**YOUR ASSIGNMENT:**
The required output is the exact text of the lines from the line containing "Page 31 of Chapter 219" through the final line below, inclusive, without pictures.

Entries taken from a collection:
--------

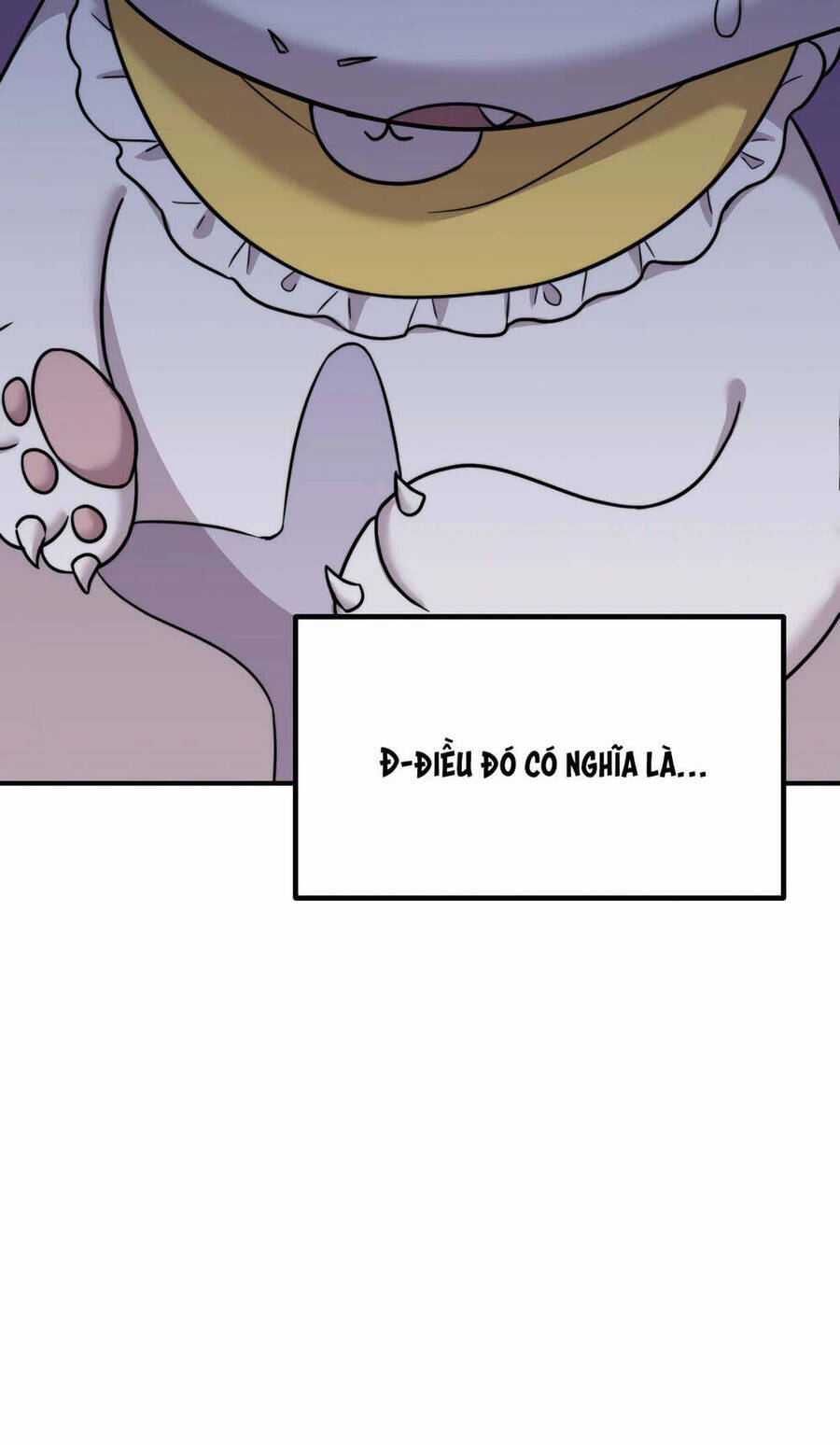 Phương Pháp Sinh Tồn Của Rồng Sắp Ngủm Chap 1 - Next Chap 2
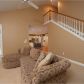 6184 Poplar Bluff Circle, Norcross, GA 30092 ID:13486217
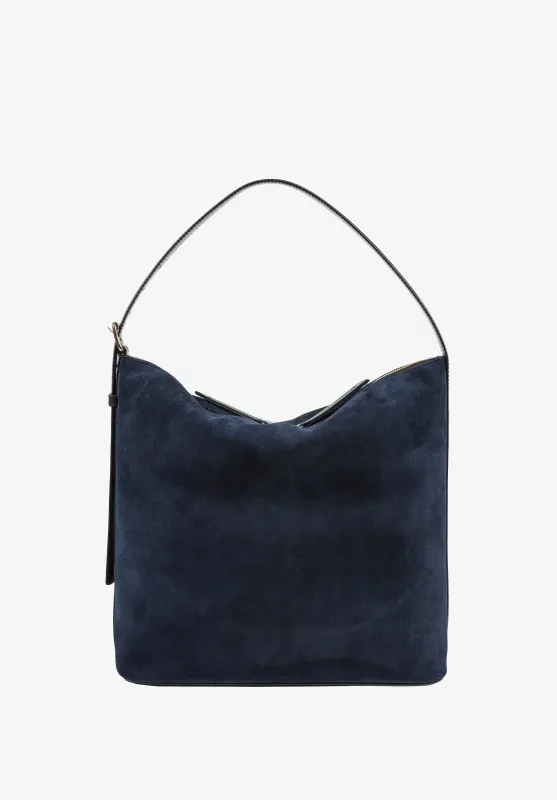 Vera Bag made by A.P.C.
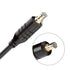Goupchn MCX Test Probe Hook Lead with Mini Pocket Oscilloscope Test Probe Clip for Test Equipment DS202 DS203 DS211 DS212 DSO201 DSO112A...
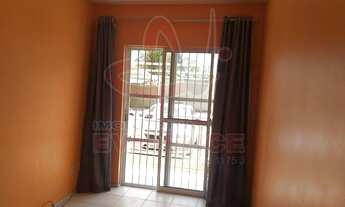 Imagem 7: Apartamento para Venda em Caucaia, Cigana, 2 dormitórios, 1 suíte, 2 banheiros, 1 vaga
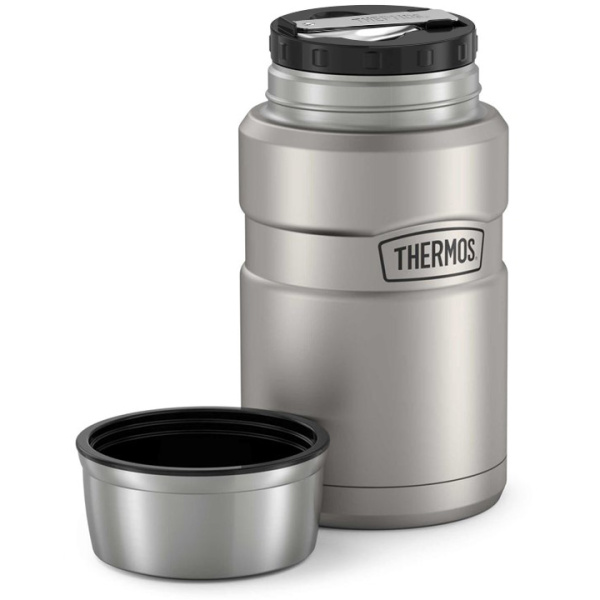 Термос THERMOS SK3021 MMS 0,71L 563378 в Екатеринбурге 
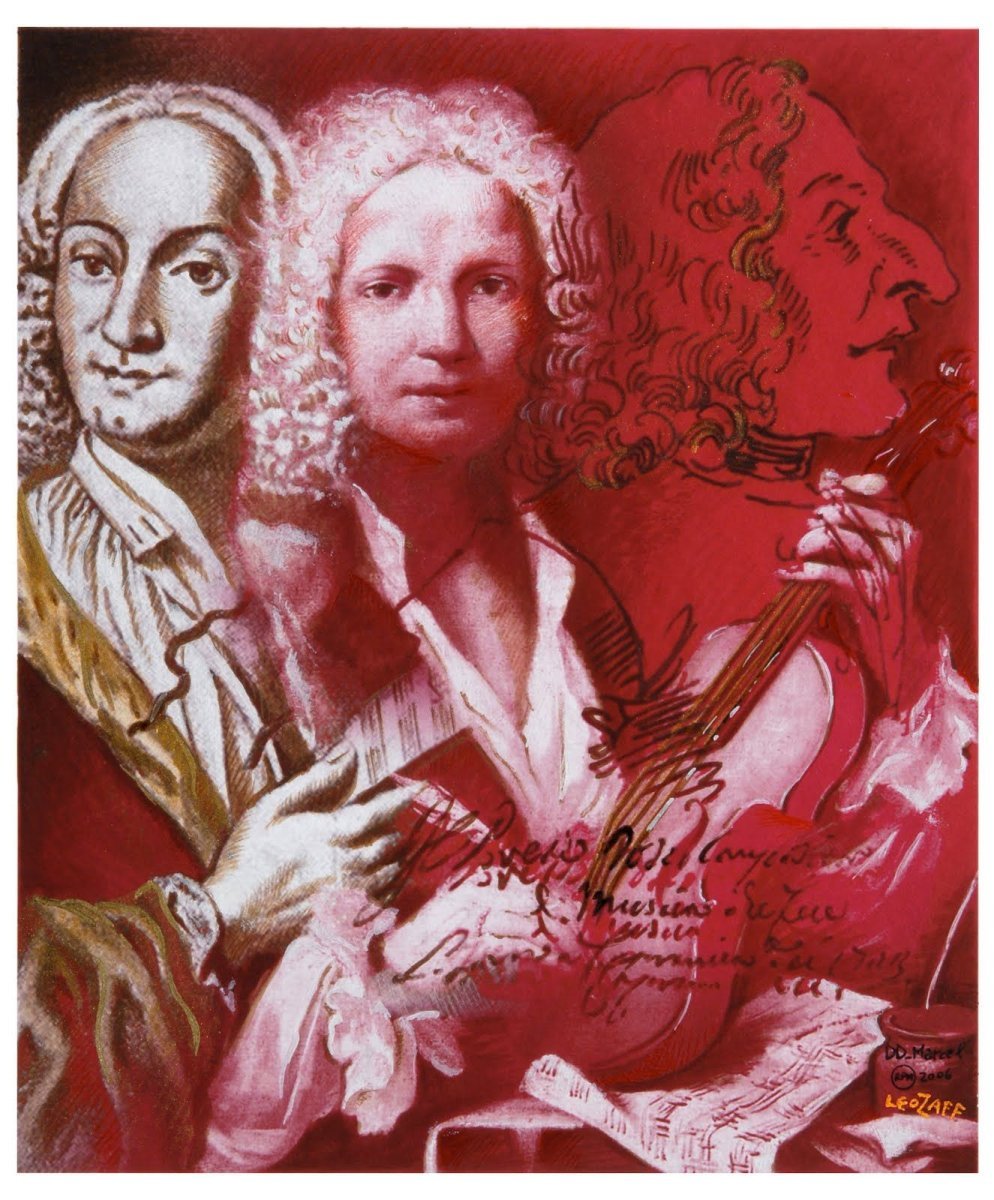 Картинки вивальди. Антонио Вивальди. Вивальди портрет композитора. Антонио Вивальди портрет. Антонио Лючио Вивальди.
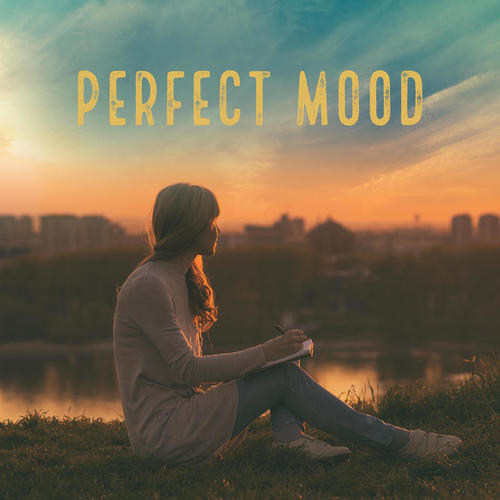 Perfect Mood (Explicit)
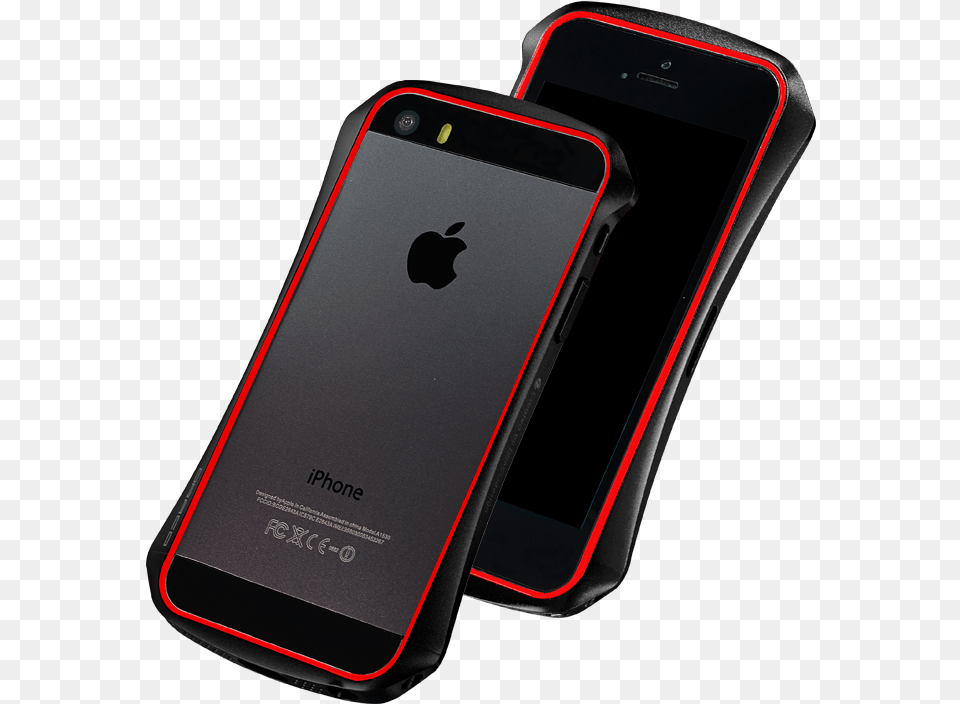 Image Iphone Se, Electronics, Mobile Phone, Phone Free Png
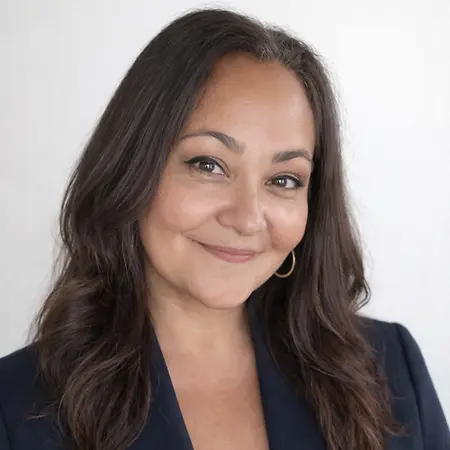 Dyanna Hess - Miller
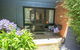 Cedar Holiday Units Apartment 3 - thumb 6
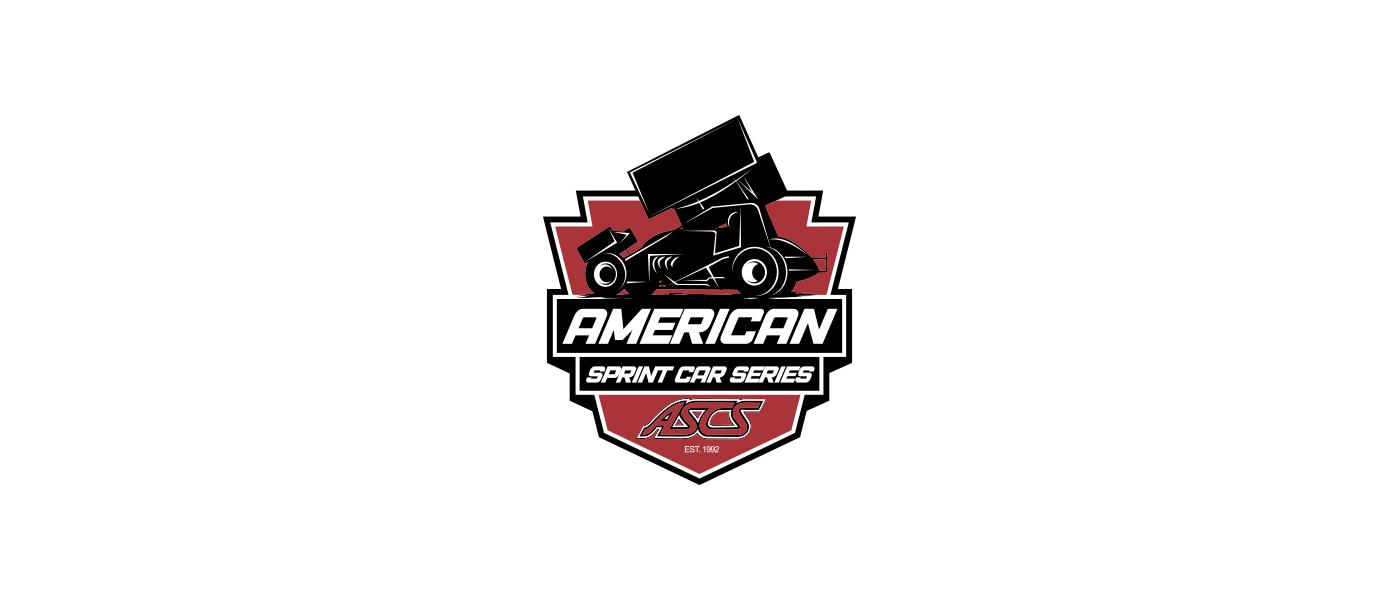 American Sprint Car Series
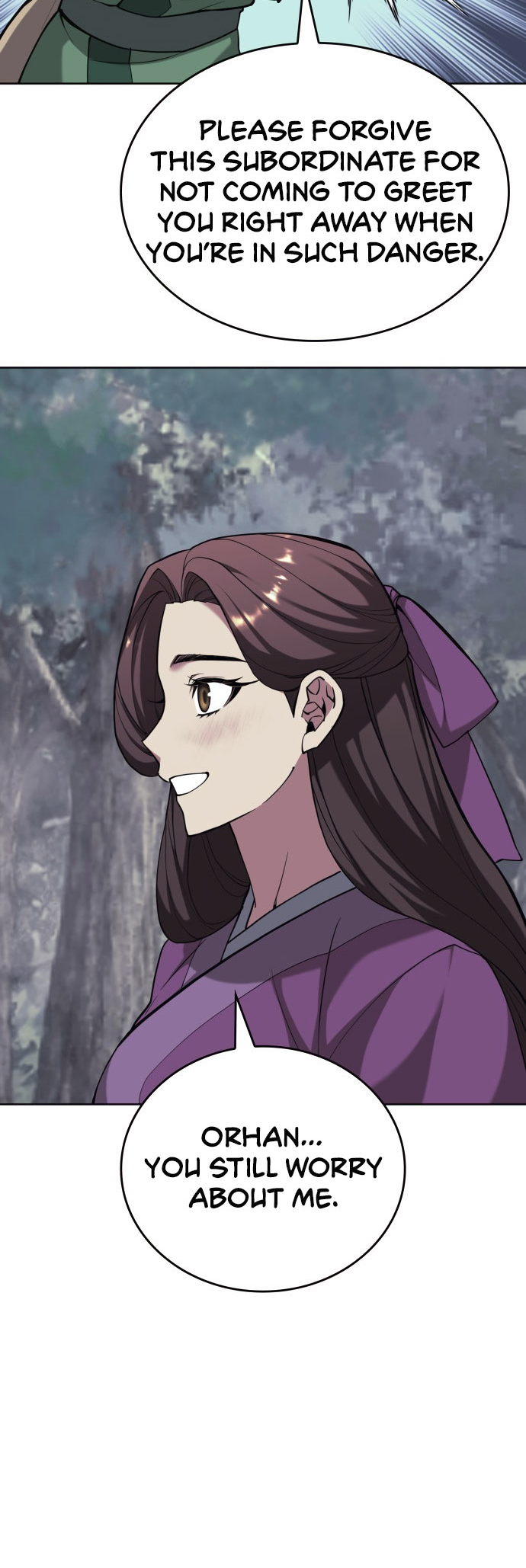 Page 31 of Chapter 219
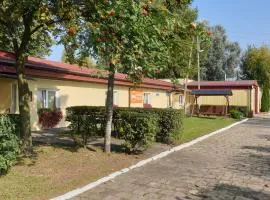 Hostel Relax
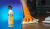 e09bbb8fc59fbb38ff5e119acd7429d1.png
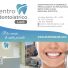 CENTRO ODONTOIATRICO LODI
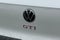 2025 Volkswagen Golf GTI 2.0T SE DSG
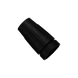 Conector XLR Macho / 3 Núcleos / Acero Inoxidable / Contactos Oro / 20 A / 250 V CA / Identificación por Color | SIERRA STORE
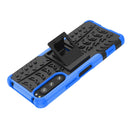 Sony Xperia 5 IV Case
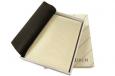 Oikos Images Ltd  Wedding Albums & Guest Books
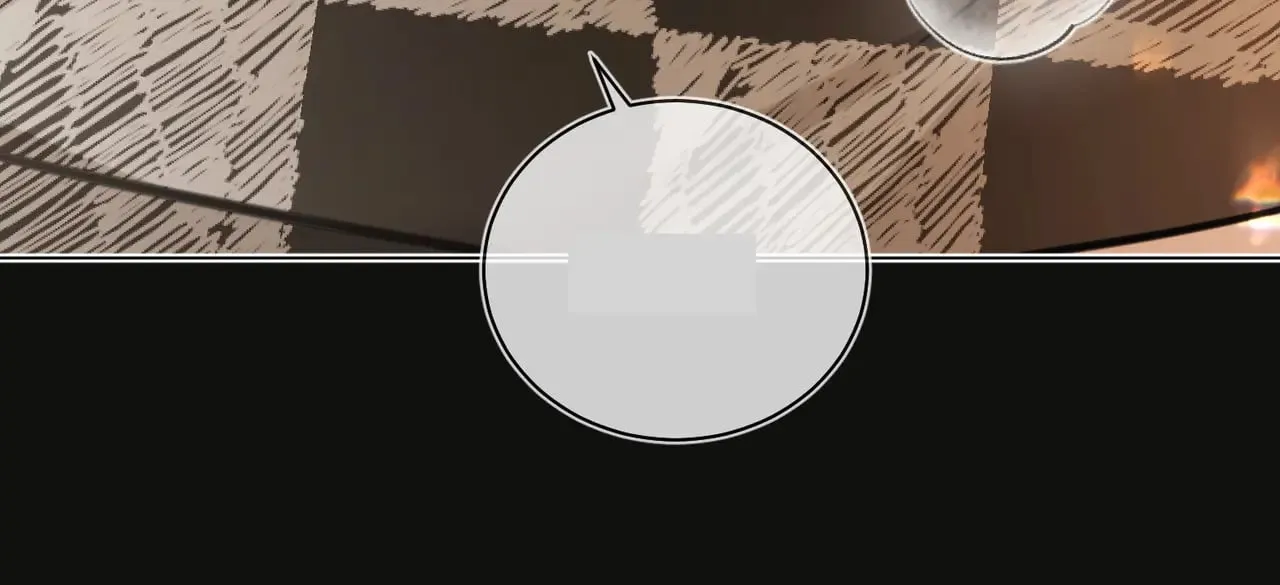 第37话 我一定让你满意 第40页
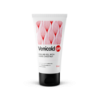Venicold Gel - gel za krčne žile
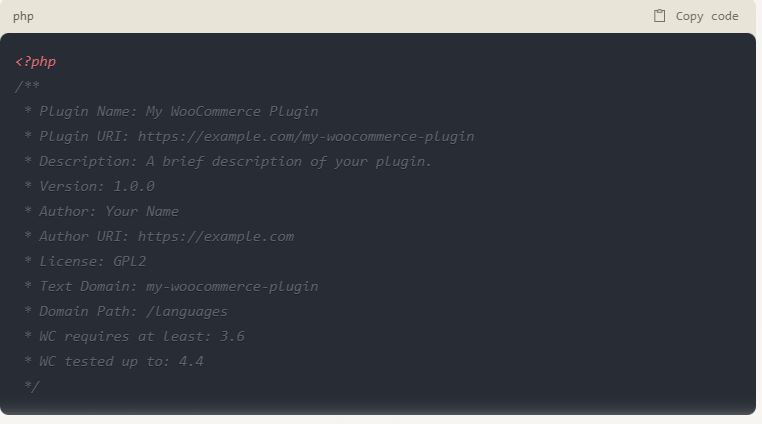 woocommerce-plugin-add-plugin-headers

--------

**WRITTEN REPLY:**
 Page 31 of Chapter 219
 Hostel Relax
 e09bbb8fc59fbb38ff5e119acd7429d1.png
 CENTRO ODONTOIATRICO LODI
 2025 Volkswagen Golf GTI 2.0T SE DSG
 Conector XLR Macho / 3 Núcleos / Acero Inoxidable / Contactos Oro / 20 A / 250 V CA / Identificación por Color | SIERRA STORE
 Sony Xperia 5 IV Case
 Oikos Images Ltd  Wedding Albums & Guest Books
 第37话 我一定让你满意 第40页
Venicold Gel - gel za krčne žile
 woocommerce-plugin-add-plugin-headers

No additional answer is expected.